Doutro modo, a AT, defendendo-se por excepção e por impugnação, sustenta que:
Por excepção:
Da incompetência do tribunal arbitral
a) Alega a AT que a Requerente não impugna o acto tributário de liquidação, mas sim o pagamento de três prestações do acto de liquidação constantes de notas de cobrança.
b) Ou seja, o objecto do processo é a anulação não de um acto tributário), mas sim de notas de cobrança para o pagamento da 1.ª, 2.ª e 3.ª prestação de um imposto.
c) Matéria que não consta, em absoluto, da norma que delimita a competência dos tribunais arbitrais tributários, constante do artigo 2.º do RJAT.
d) Pelo que o acto objecto do pedido de pronúncia arbitral extravasa a competência do tribunal arbitral.
Da inimpugnabilidade dos actos
a) Refere, ainda, a AT que a Requerente impugna as prestações relativas ao pagamento de um valor unitário de imposto.
b) No entanto, o Imposto do Selo a que se refere a Verba n.º 28.1 da Tabela Geral é liquidado anualmente, não sendo o pagamento em prestações mais do que uma técnica de arrecadação do imposto e não um seu pagamento parcial.
c) Motivo pelo qual, o pagamento de uma das prestações da liquidação efectuada ao abrigo do disposto na Verba n.º 28.1 da Tabela Geral não consubstancia um pagamento parcial daquela liquidação, mas tão só uma técnica de cobrança do imposto liquidado.
d) Verifica-se, assim, que existe uma única liquidação e o seu pagamento é concretizado em prestações, o que não permite a impugnação de uma só prestação ou documento de cobrança nesse valor parcelar.
e) Entende, pois, a AT que os documentos de cobrança em apreço não são impugnáveis de per si, razão pela qual deve a excepção invocada ser procedente e a AT ser absolvida do pedido.
Por impugnação:
a) A Requerente é proprietária de um prédio em regime de propriedade total ou vertical, com andares ou divisões susceptíveis de utilização independente.
b) À totalidade do prédio está atribuído um valor patrimonial tributário de € 1.513.964,92 a avaliação do prédio em causa no presente processo ocorreu em 2011 e foi efectuada nos termos do Código do IMI, não tendo a Requerente apresentado qualquer reclamação, nem solicitada nova avaliação.

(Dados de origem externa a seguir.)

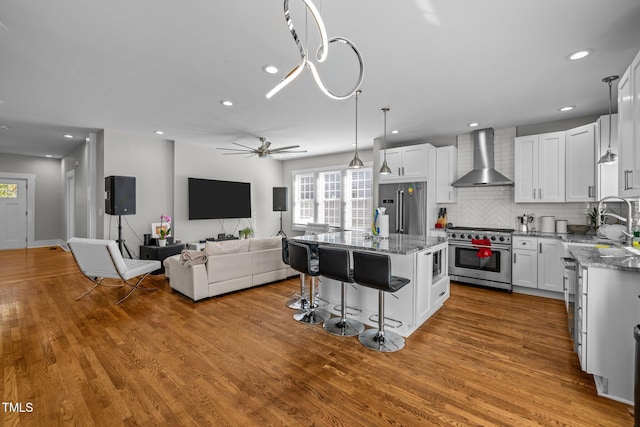 kitchen featuring a kitchen island, white cabinetry, light hardwood / wood-style floors, wall chimney exhaust hood, and premium appliances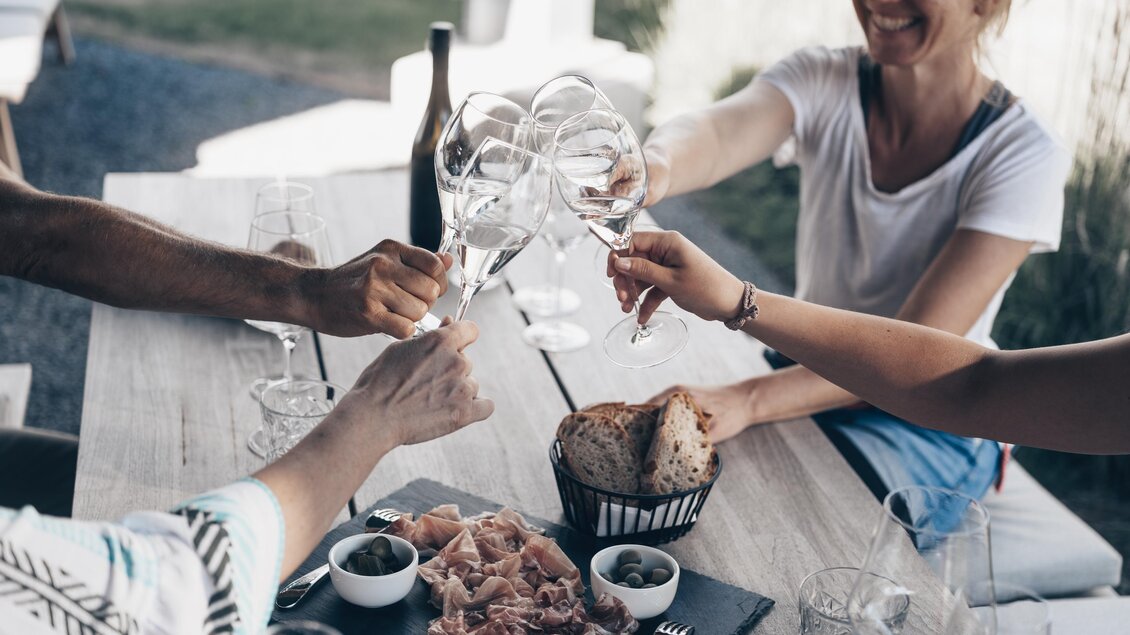 Eine Gruppe von Freunden, die Gläser anstoßen. Auf dem Tisch liegen Snacks und Getränke. | © Ian Ehm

c) Segundo a AT, a sujeição ao Imposto do Selo da Verba n.º 28.1 da Tabela Geral [1] resulta da conjugação de dois factos, a saber, a afectação habitacional e o valor patrimonial do prédio urbano inscrito na matriz ser igual ou superior a € 1.000.000,00.
d) Acrescenta, ainda, que o conceito de prédio encontra-se definido no artigo 2.º, n.º 1 do Código do IMI, estabelecendo o seu n.º 4 que, no regime de propriedade horizontal, cada fracção autónoma é havida como constituindo um prédio.
e) Encontrando-se o prédio em regime de propriedade total, não existem fracções autónomas a que a lei fiscal possa atribuir a qualificação de prédio.
f) Nesta medida, para efeitos de IMI e de Imposto do Selo, a Requerente não é proprietária de fracções autónomas, mas sim de um único prédio.
g) Pretende, assim, a Requerente que a AT considere, para efeitos de liquidação do Imposto do Selo, que exista uma analogia entre o regime da propriedade total e o da propriedade horizontal, já que não deve existir discriminação no tratamento jurídico-fiscal destes dois regimes de propriedade, por ser ilegal.
h) Ora, a unidade do prédio urbano em propriedade vertical composto por vários andares ou divisões não é, no entanto, afectada pelo facto de todos ou parte desses andares ou divisões serem susceptíveis de utilização económica independente.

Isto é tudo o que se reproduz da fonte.